MINOT – Douglas Hodgkins, retired Bates College professor, was the speaker at the November meeting of the Minot Historical Society, discussing the history of Lewiston Junction Grange and the founding of the Grange.

He told of the founder, Oliver Hudson Kelley, and the need for the Grange as an agricultural fraternity. Kelley was the commissioner of agriculture and he went south where he found deplorable agricultural conditions. He determined that farmers needed to organize, so the Grange was founded in 1867 for the purpose of education. It then became a political force, mostly in the midwest.

The first Maine Grange was in Hampton in 1874. Lewiston Grange was second to be formed.
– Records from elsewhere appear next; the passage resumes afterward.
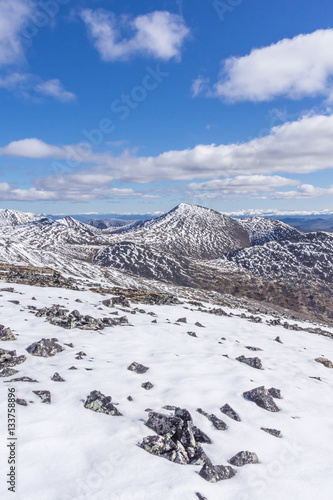 Mountain landscape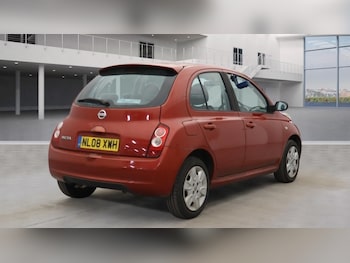 Used Nissan Micra 2008 for sale - 77821792: Photo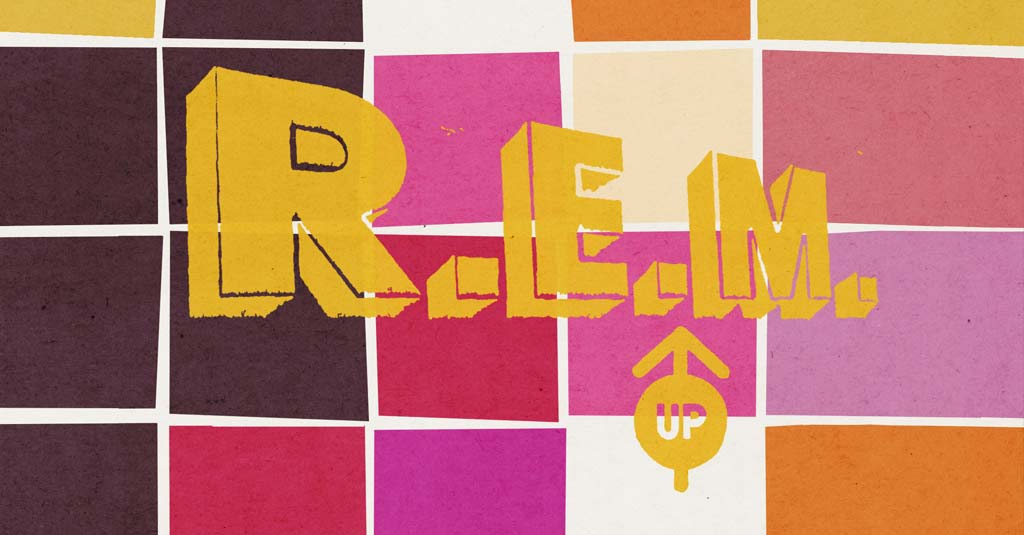 R.E.M. - Up - 25th Anniversary Edition (Official Trailer) 
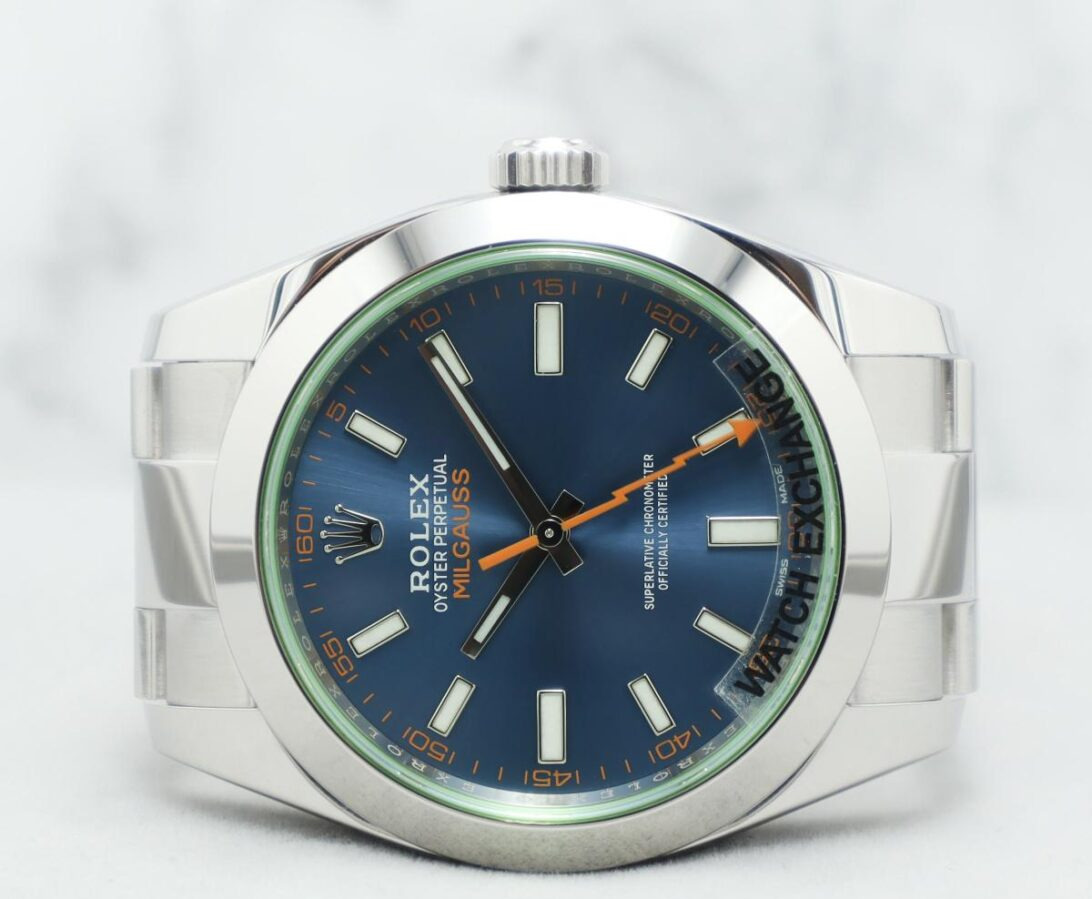 2020 Milgauss Oyster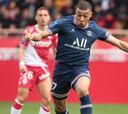 Resumen y goles del Mónaco vs. PSG de la Ligue 1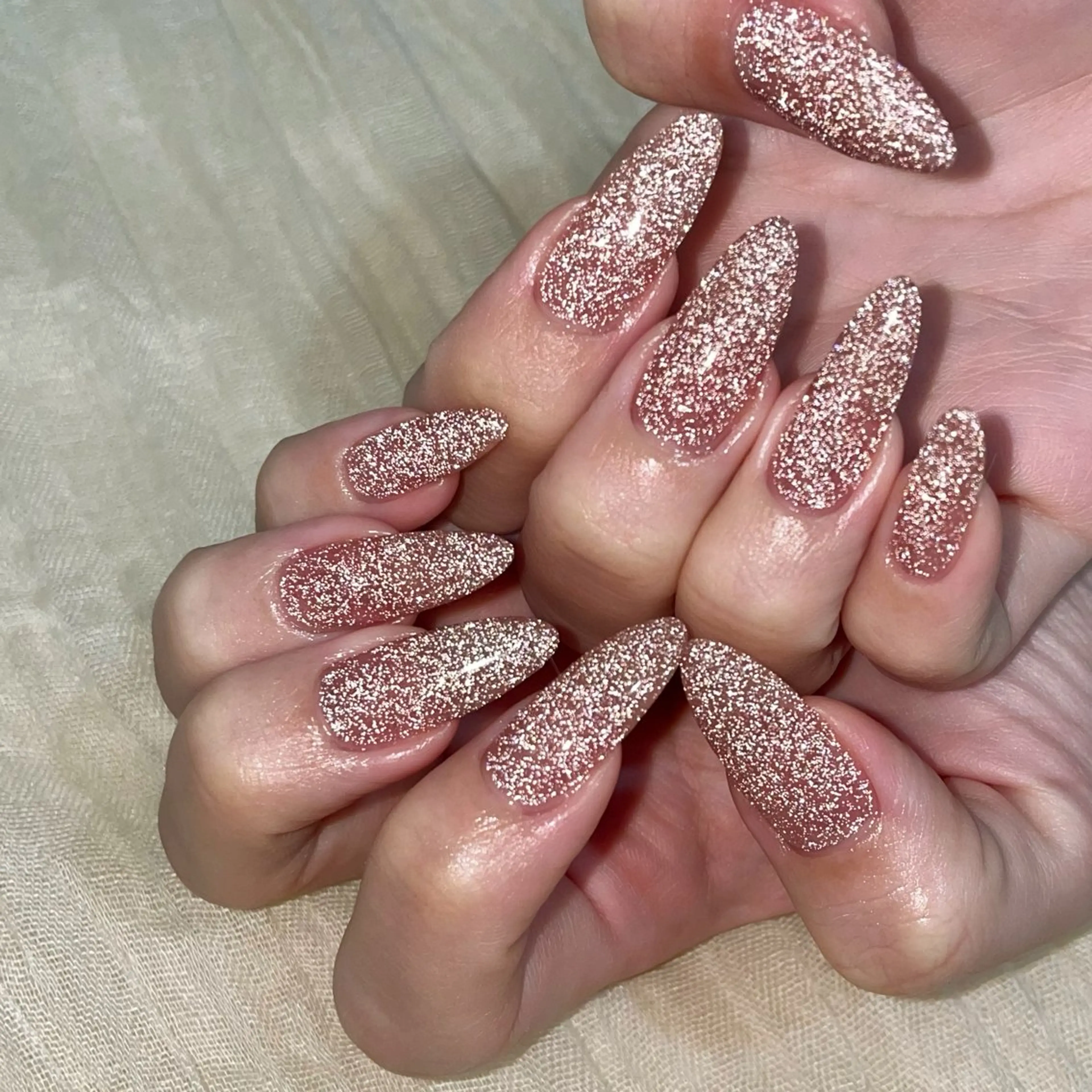 ネイル ハンドネイル ハンドケア m-nail所属・m-nail 🌙minamiのネイルデザイン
Meetings were first held in the schoolhouse. A separate stockholders organization was formed to build a hall.

Hodgkins told of the Grange store, the many times the hall was moved, the renovations, the declining membership and the 1990 selling of the hall. In 1994 there were only 10 members left and it was decided to surrender their charter. Maine still has many active Granges.

In other business, it was noted that the Program Committee met to formulate the 2005 programs. Work continues on the William Ladd Homestead and taping of Minot residents is continuing to preserve the town’s history.

Minot town reports of previous years were accepted for the archives from Mr. and Mrs. James Roux and the Robert Greer family.

The society will meet at 7 p.m. Tuesday, Jan. 11, at the Minot Town Office. The topic will be “Cemeteries and Obituaries,” with Noella Hemond discussing the research she has done on the subject.